Input data.

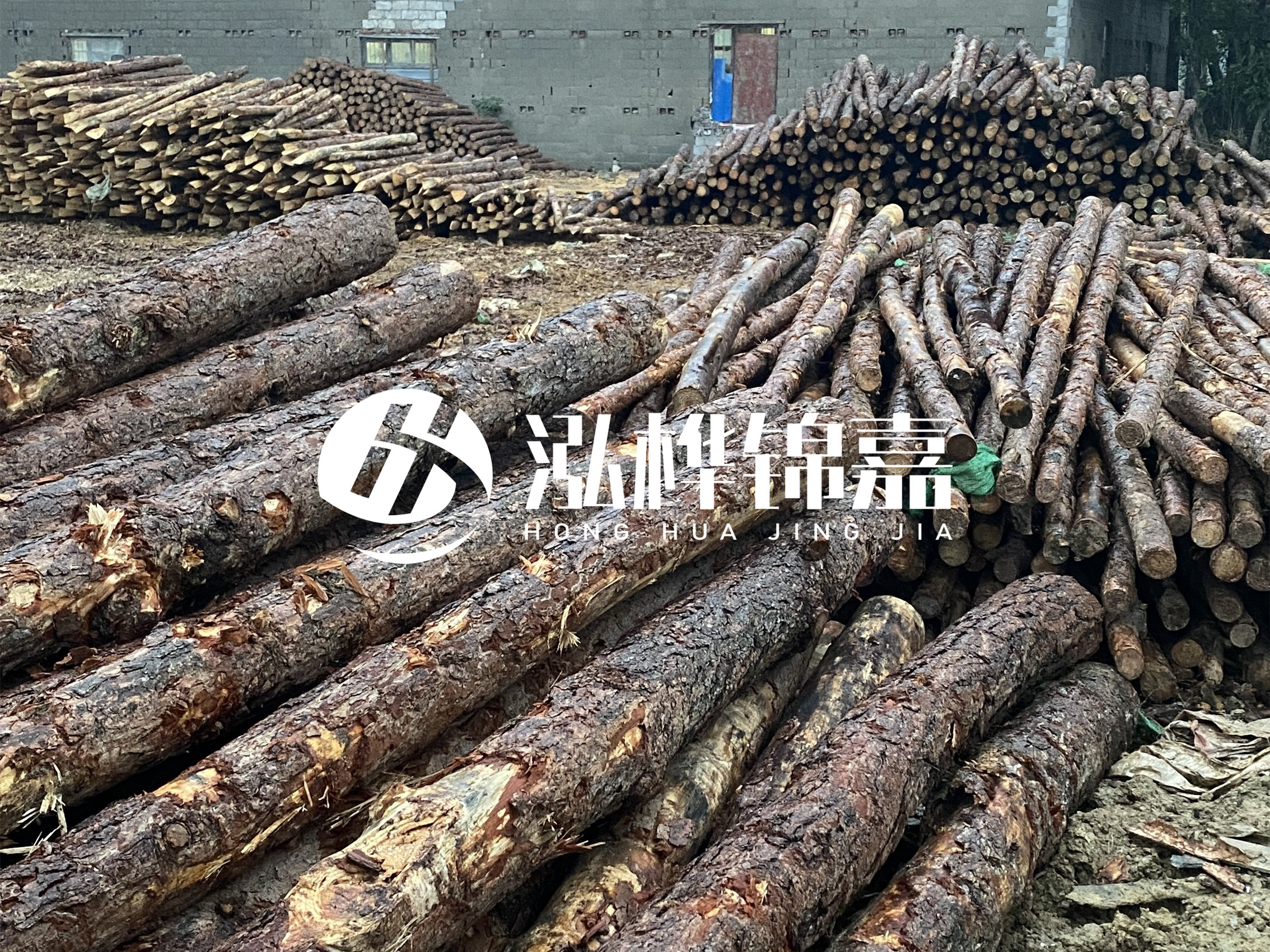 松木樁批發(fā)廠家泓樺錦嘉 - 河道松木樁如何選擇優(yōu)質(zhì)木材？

==

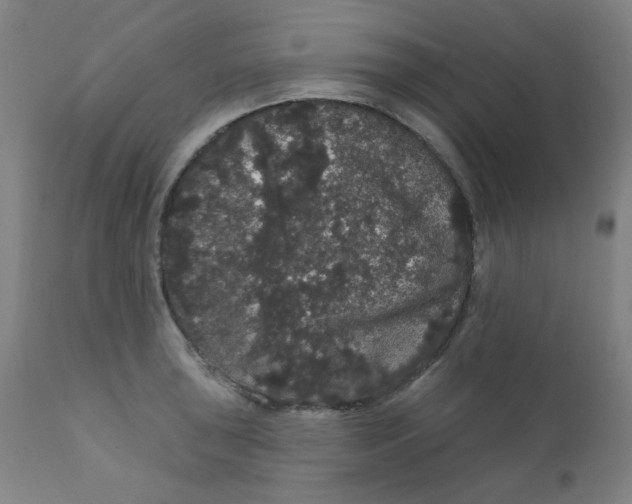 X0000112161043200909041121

---

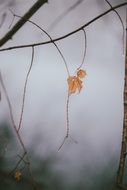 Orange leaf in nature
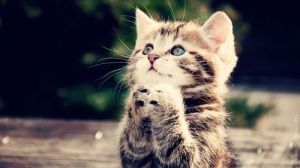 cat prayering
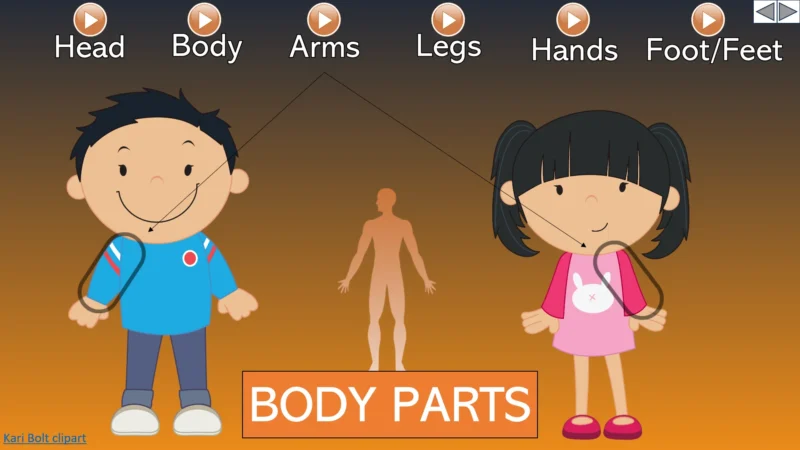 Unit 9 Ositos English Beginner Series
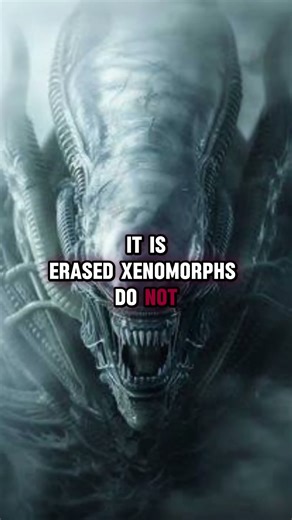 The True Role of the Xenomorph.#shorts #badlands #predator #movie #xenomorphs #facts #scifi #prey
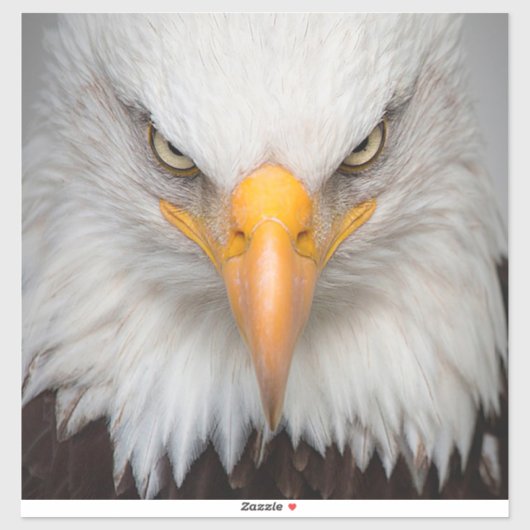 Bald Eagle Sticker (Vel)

Exercise requirements. Starting at the line above with "The True Role", output every line exactly up to and including the line with "Bald Eagle Sticker (Vel)", but none of the pictures.

Worked solution.
 The True Role of the Xenomorph.#shorts #badlands #predator #movie #xenomorphs #facts #scifi #prey
 Bald Eagle Sticker (Vel)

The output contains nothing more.